When to invest in data-driven solutions?
If the above “why’s” are not relevant, Companies may start a transition to the data-driven model for the following purposes:
- Efficiency purposes: data-driven solutions provide analytical support for continuous improvement to drive a business towards its goals
- Transparency and quality control: automation and centralized reporting help deter fraud and reduce human error which could generate great savings
- Agility: a single source of truth at any given time reinforces the company’s capacity to decide quickly based on a clear common vision.
If you want to save on resources and energy as well as avoid unnecessary stress – then it’s about time to invest in data-driven solutions.
How to invest in data-driven solutions?
Transitioning to data-driven business decisions needs some preparation to guarantee success as well as quick internal take-up of the solution after the team onboarding (just like in any well-managed project, as my expert project management team member would confirm).
- “I need a dashboard to keep an eye on everything”,
- “Can you show me the performance results of the top 20 markets first thing tomorrow?”
- “Can you send me this client’s sales volumes and commitments at the regional level over the last five years?”
Typical requests that we hear daily at work, requiring hours of manual work, which involves multiple contacts within the company, even on a global scale. In order to keep pace, the company needs a robust communication network.
Acquiring a BI SaaS license, purchasing a visualization suite or running a data analytics project will give you a fish, but it makes more sense to learn how to fish yourself: only a long-term solution will bring sustainable results.
5 Pillars to get started with transitioning
The transition to data-driven decision-making requires the following: Involving all management levels will help build the right momentum to make sure the project comes to fruition. To encourage the evolution of the decision-making process, the actual decision-makers need to feel comfortable with what is being brought to life (sounds like common sense, doesn’t it?)
1. Long-term objectives:
For this, it would have to start with a clear definition of the objectives to be achieved. It often requires an assessment of each department’s needs and future developments to visualize holistically the potential economy of scale and data synergies to be leveraged.
While the list of objectives can be endless, the implementation timing and budget are always limited, but we will come to that.
2. Leaders of the data-driven transition:
How many people are going to be affected in their daily job? Is data-driven model implementation an IT project? Or a Finance one? Who is leading the transformation of the company?
This comes as a hurdle for many businesses: limiting the process to one department creates silos while involving everyone hinders decision-making. This is where external partners prove useful to handle multidisciplinary projects involving all stakeholders while keeping the focus on implementation timings and overall goals.
3. Enablement of the data-driven transition:
Do we contract an external partner or build an in-house infrastructure? Do we buy the servers or host them in the cloud? What are the requirements and restrictions of both alternatives?

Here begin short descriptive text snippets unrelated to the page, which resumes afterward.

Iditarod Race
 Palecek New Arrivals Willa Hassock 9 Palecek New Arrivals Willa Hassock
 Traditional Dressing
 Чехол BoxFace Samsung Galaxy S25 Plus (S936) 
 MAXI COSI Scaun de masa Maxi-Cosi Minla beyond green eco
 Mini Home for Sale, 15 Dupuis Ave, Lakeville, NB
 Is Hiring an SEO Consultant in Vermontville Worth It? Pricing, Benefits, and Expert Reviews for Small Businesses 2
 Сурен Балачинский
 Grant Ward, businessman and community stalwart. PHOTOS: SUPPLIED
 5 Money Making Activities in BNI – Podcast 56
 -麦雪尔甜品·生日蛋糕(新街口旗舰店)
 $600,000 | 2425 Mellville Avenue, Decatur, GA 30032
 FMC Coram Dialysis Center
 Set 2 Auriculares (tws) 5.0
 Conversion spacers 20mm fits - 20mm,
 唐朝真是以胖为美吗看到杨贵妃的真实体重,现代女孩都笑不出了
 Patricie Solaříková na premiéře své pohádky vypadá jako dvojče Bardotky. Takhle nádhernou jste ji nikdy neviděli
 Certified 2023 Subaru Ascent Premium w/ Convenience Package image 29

It entails building a vision for long-term usage because it influences the scalability and agility that the system will require over time. This is an extremely important part of the process as it determines the financial scope of the project.
We will dedicate an article to the topic of structure and – we will link it to this section.
There are few limits to what programming and machine learning can do – except being humans: these are rooted in urgency as we explained earlier in “Why focus on code quality in media and marketing software development?” article.
It’s essential to find the balance between complexity, scalability, and speed because needs will become more sophisticated as the data maturity of the organization grows.
There is no right or wrong answer to the debate whether to buy off-the-shelf or get a development team to build your proprietary solutions internally, it all depends on the objectives and ambitions of the business with respect to data. But you know: if you want to master driving a Ferrari at Le Mans, you may start training with a Skoda in a parking lot, but it is no use in the long run.
5. Roll-out plan:
Launching a new process across the entire organization and making everyone adapt overnight is truly a challenge – but it is not impossible. It requires good coordination and strong will as well as organized prep time: internal communication, training, test sessions and planned release to get the teams up to the challenge.
Launching sequentially (per region, per department, etc.) would generally take the same time, but organized into a series of smaller launch phases with shorter cycles.
“Designing a roll-out plan including training, assessment, and iteration phase at each step of the process will secure higher efficiency and company take-up.”
Director Implementation & Support, MMT
How to estimate the cost?
As a starting point: the basic calculation deducts the resource savings (man-hours saved on reporting/data gathering or number crunching) from the solution costs (which would usually be a SaaS license).
The costs of designing, building and implementing a more sophisticated data-driven solution have to be visualized in the long run as benefits and needs will evolve along with data maturity.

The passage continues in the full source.